I liked it. Near the middle, I started clicking fast through several similar/repetitive options, but I think that's part of the experience.
The game overall seems well polished for something made in less than 4 hours. The emotional moments didn't 100% land for me, but it was good overall.
This is a short game written in 4 hours in which you stumble upon a shrine on a journey.
It reminded me or Caleb's Cannonfire Concerto, which is perhaps the Choicescript game that personally affected me the most. The surreal atmosphere (which is similar to his earlier games released this year) is splendid.
-Polish. As is expected for a 4-hour game, there is a lot that is not implemented or otherwise confusing with the parser.
+Descriptiveness: A lovely and vivid world, if dark.
+Interactivity: The puzzles felt directly connected to the narrative and lent it more emotional impact.
+Emotional impact: The twig-pilgrim was my favorite part.
+Would I play again? Yes, I like this game.
This game is essentially a small snippet of a horror story told over 4-6 pages.
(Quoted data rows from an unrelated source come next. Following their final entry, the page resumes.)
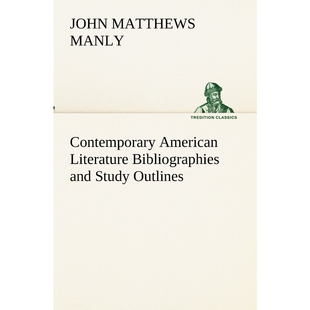 Bibliographies and Study 按需印刷Contemporary 9783849154387 Literature Outlines American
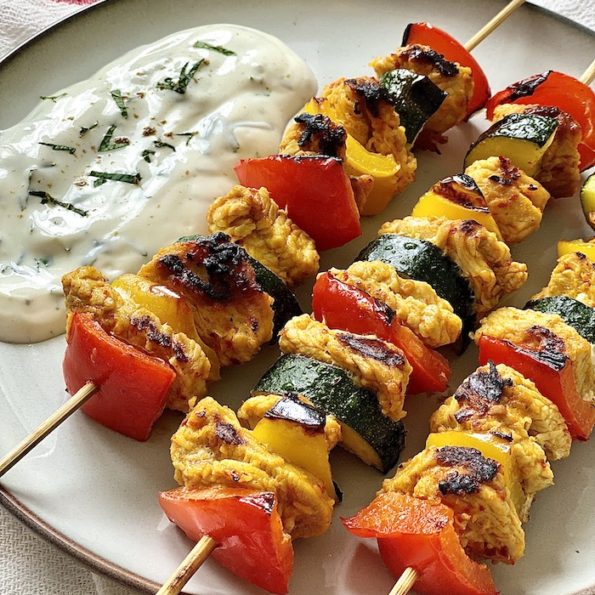 Turkey and Veggie Skewers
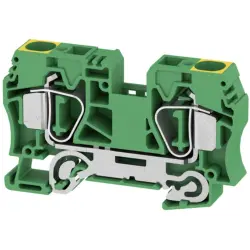 Protective conductor terminal, spring balancer connection, 1.5-16 mm², 2 pole, 8 kV, yellow/green, 1745250000
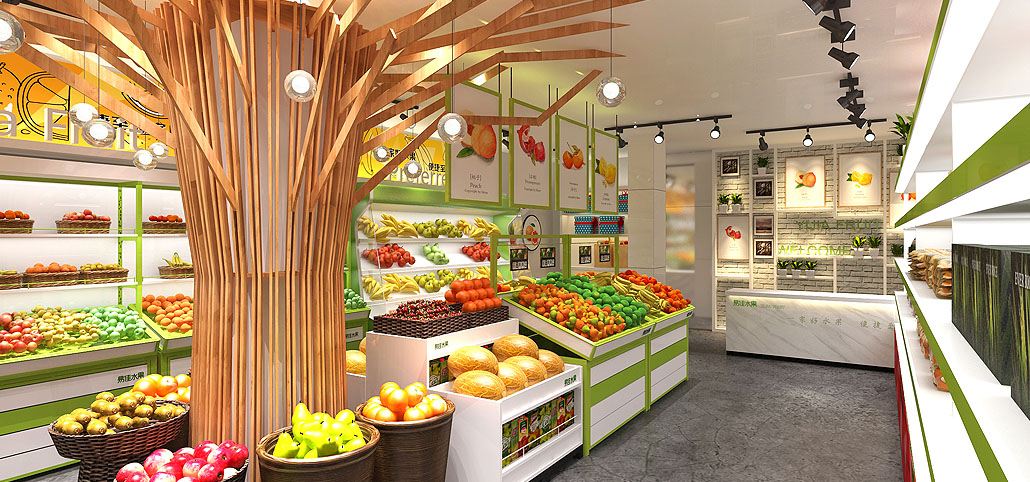 郑州小型水果店装修：营造清新自然的购物天堂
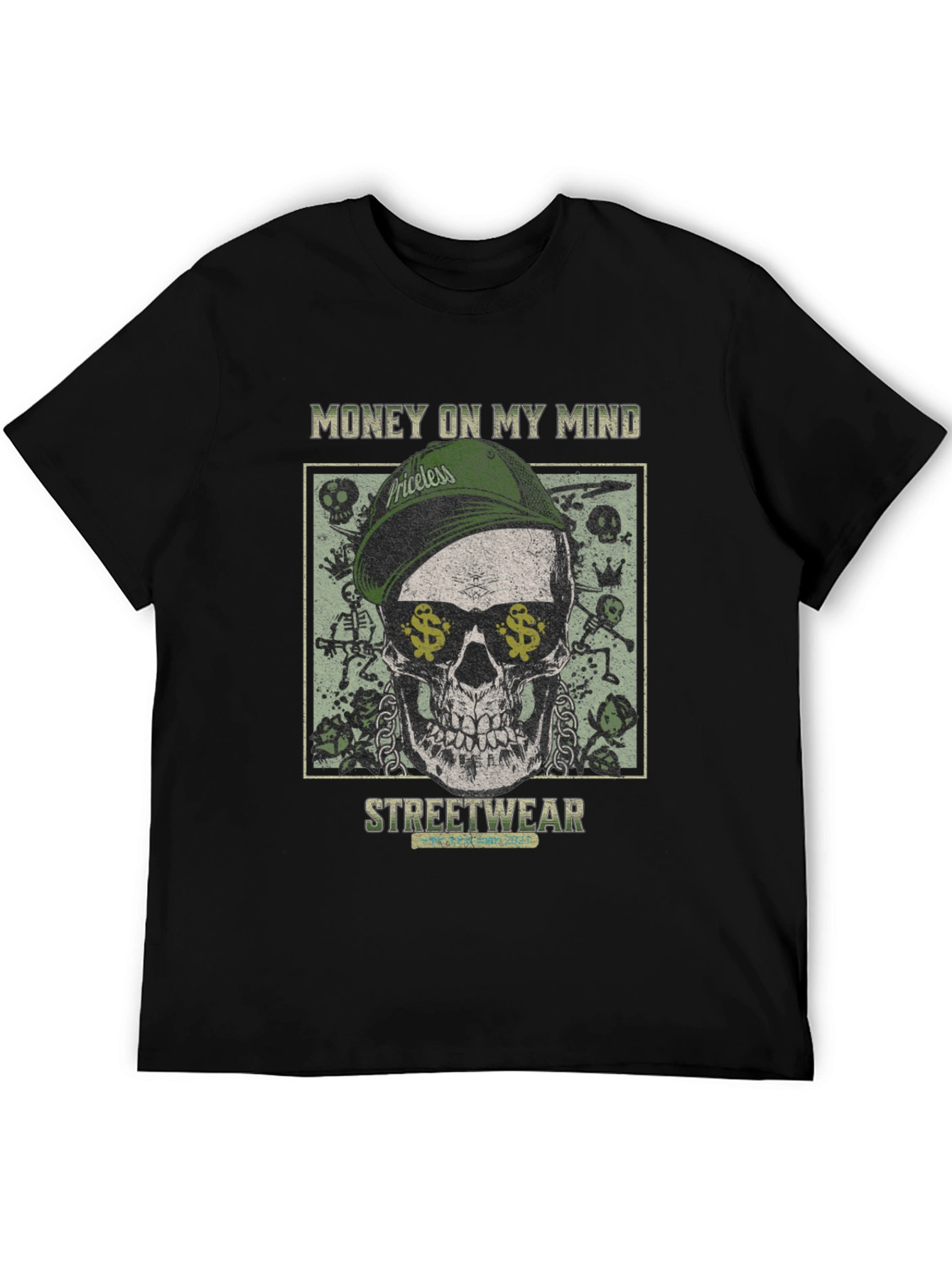 Money Minded Skull Graphic Tee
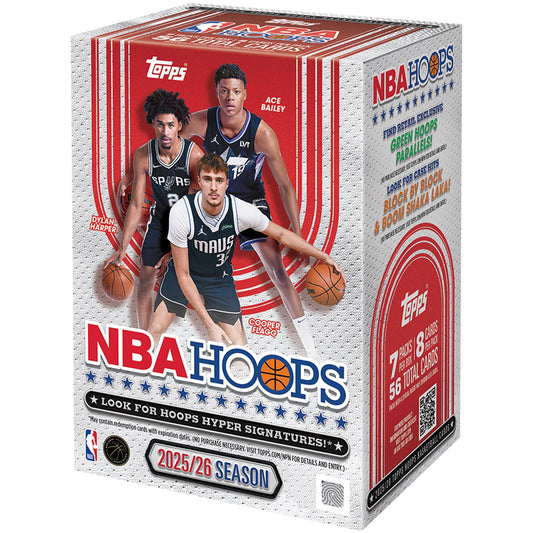 2025-26 Topps Hoops Basketball – Fabrikversiegelt – Vorteilsbox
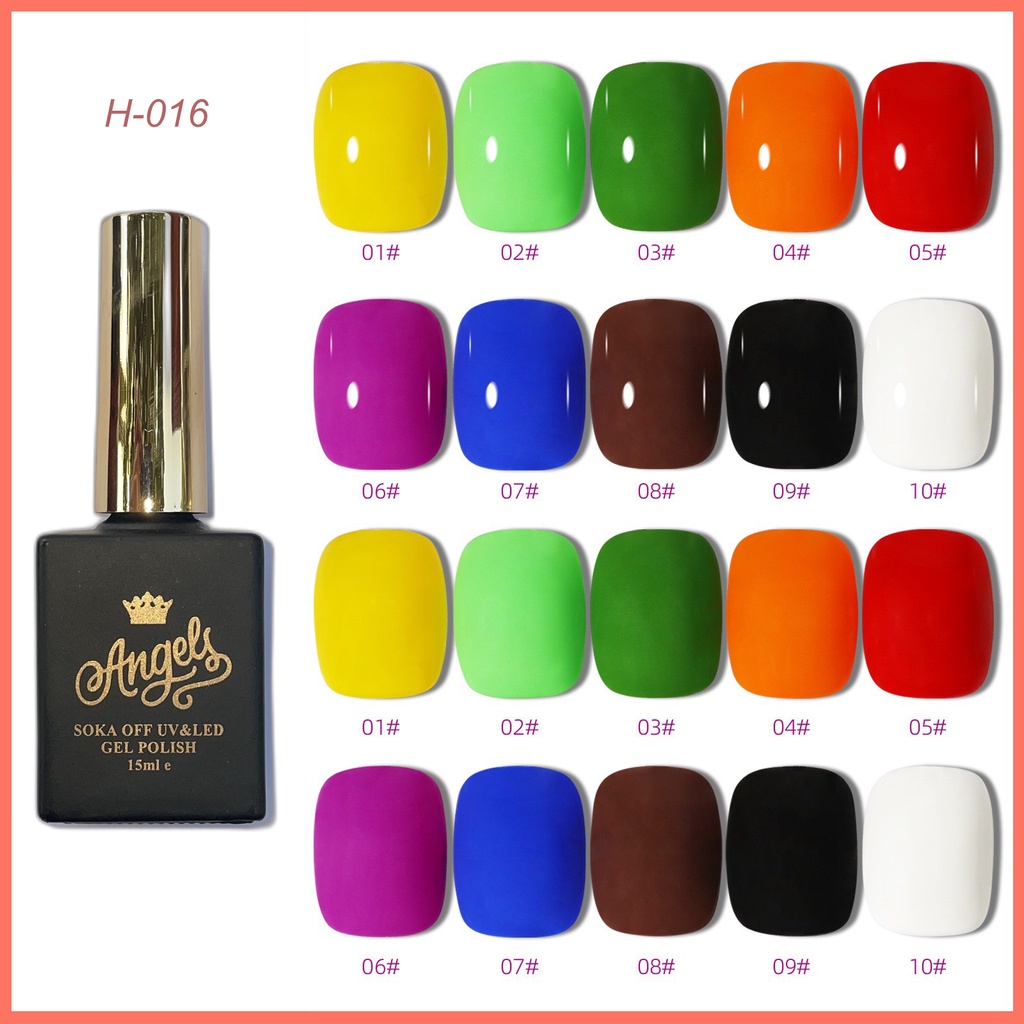 Angels Sơn móng tay, Sơn gel, Angels uv gel, chuỗi màu căn bản AH16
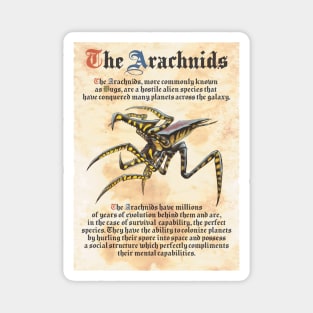 Starship Troopers (1997) Medieval Book Print Magnet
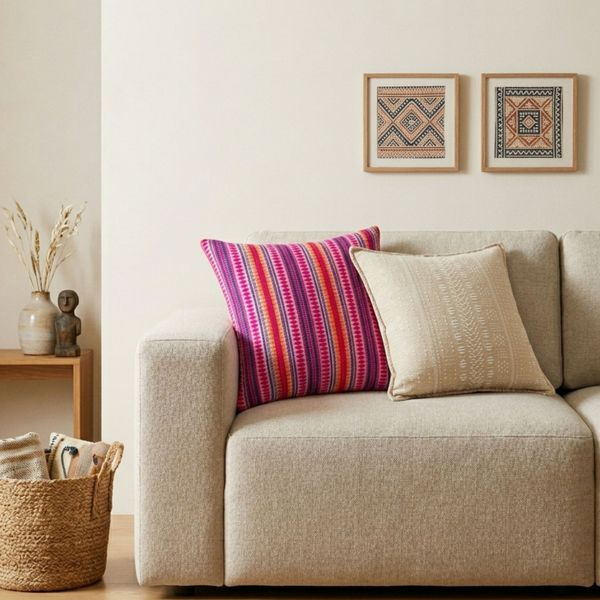 Classic Cushion Cover - Neon Stripes- 45x45cm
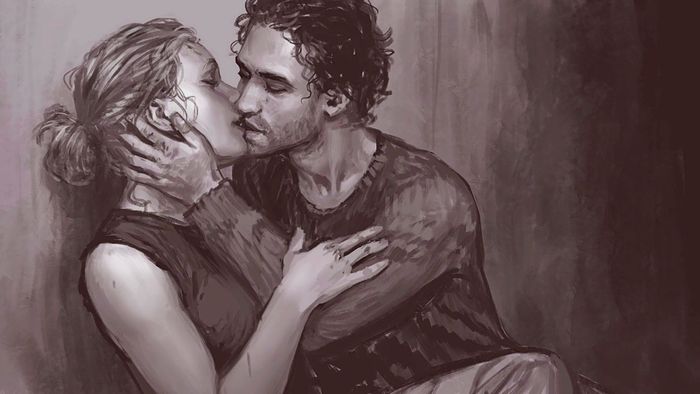 Bản vẽ ý tưởng cho The Last of Us 2 với cảnh hai nhân vật hôn nhau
Like the blurb suggests, it's 175 words.
It's completely linear, but I think the interactivity actually works for it here, as it paces the story well and allows for surprise more than would be feasible in a static format.
My rating system is designed to accomodate micro games, so I'm giving it stars for emotional impact, interactivity and descriptiveness but not for polish (there are typos which, in a 175 word game, should really be easy to fix using grammarly or something similar) or replayability. Even with the typos fixed, I would still give 3 stars, as the interactivity is only okay, not great. But fun little game.
This game reminded me of Princess Mononoke crossed with Hybras from Sunless Skies.
You are essentially a gig worker trespassing in a national park to scavenge various psychotropic mushrooms which have properties far beyond the ones we have in real life. Normal mushrooms give you 1 cent a cap (fairly consistent with real gig jobs like Amazon Turk), while the King's Breakfast could pay off your rent.
It seems that worldbuilding by far is the biggest part of gameplay. More than half of my play time was spent reading the guide book, and it could have served just as well in static form, but it made finding mushrooms later on more fun.
It's weird to say, but I think that later gameplay reminded me of nothing more than the original Zork. I remember playing Zork as a kid and finding some weird stuff and thinking "I have no idea how this all connects", and getting the idea that there was way more out there. I later went and looked at the code of this game and found that there was way more out there, but the effect still persisted.
I don't know if that particular combination of deep lore dive + unpredictable trip in the woods worked for me interaction-wise, but I appreciated the polish, descriptivenes, emotional impact and replayability of the game.